#### DATA EXTRACTS
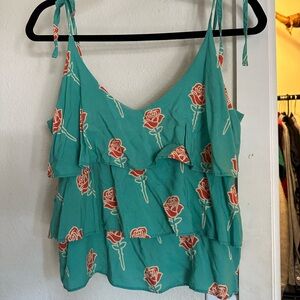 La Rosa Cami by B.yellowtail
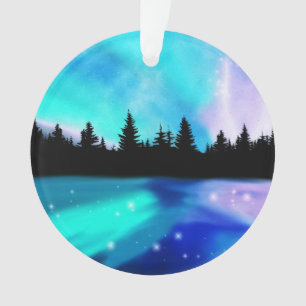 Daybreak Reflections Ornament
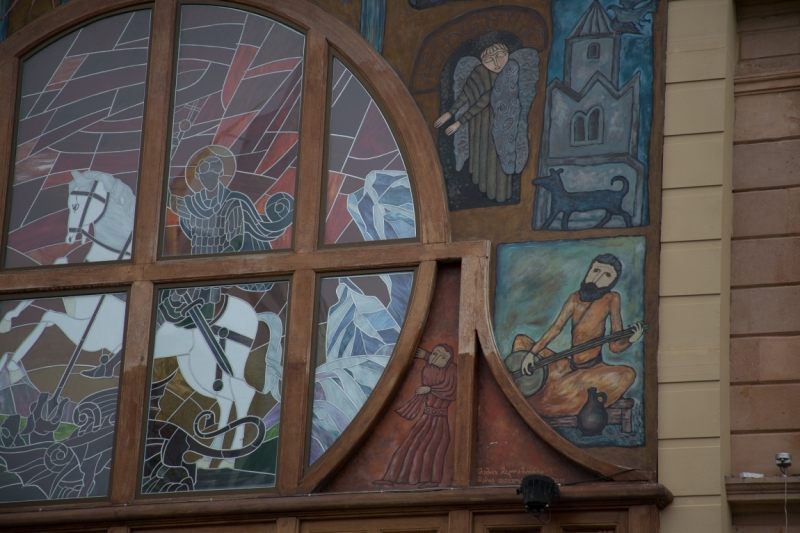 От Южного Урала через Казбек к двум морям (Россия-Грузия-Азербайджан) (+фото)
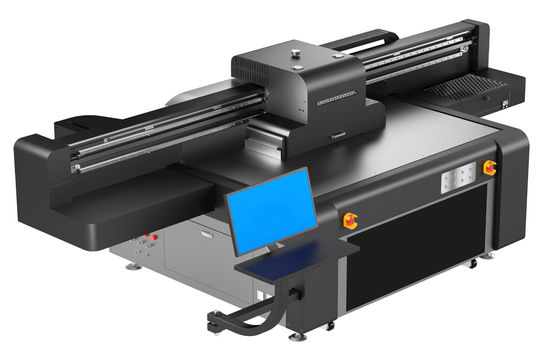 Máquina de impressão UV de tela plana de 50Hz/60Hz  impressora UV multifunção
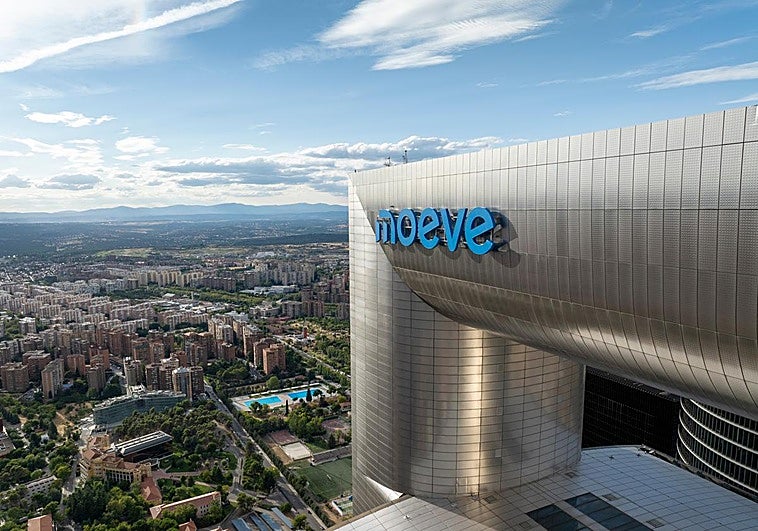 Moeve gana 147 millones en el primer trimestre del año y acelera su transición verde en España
########
#### DATA EXTRACTS
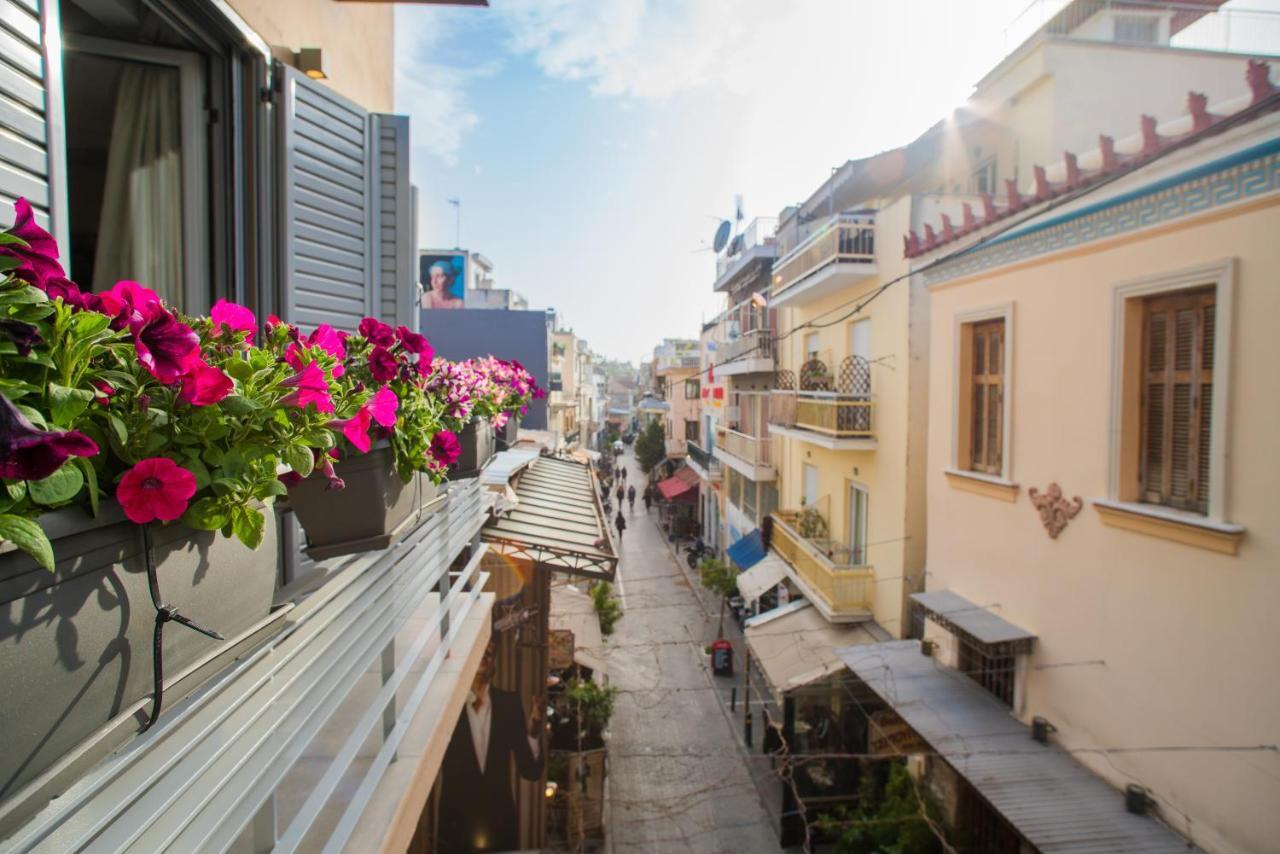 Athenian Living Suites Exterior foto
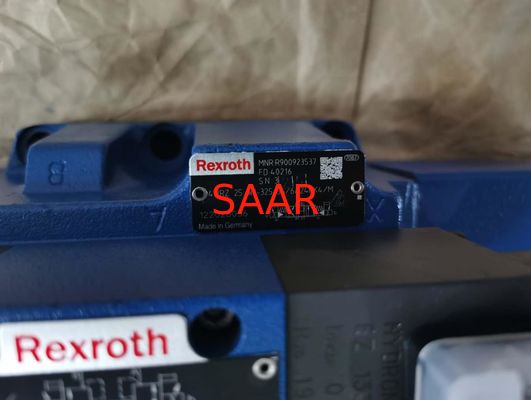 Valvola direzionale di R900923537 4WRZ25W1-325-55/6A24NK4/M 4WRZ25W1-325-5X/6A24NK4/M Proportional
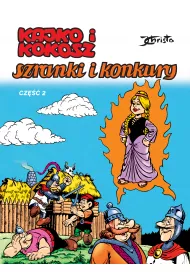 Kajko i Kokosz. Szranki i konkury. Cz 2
########
YOUR OBJECTIVE: Extract, without any images, the part of the material above that opens with the line containing "Valvola direzionale di" and closes with the line containing "Kajko i Kokosz. Szranki i konkury. Cz 2", both lines included.

RESPONSE:
 Valvola direzionale di R900923537 4WRZ25W1-325-55/6A24NK4/M 4WRZ25W1-325-5X/6A24NK4/M Proportional
 Kajko i Kokosz. Szranki i konkury. Cz 2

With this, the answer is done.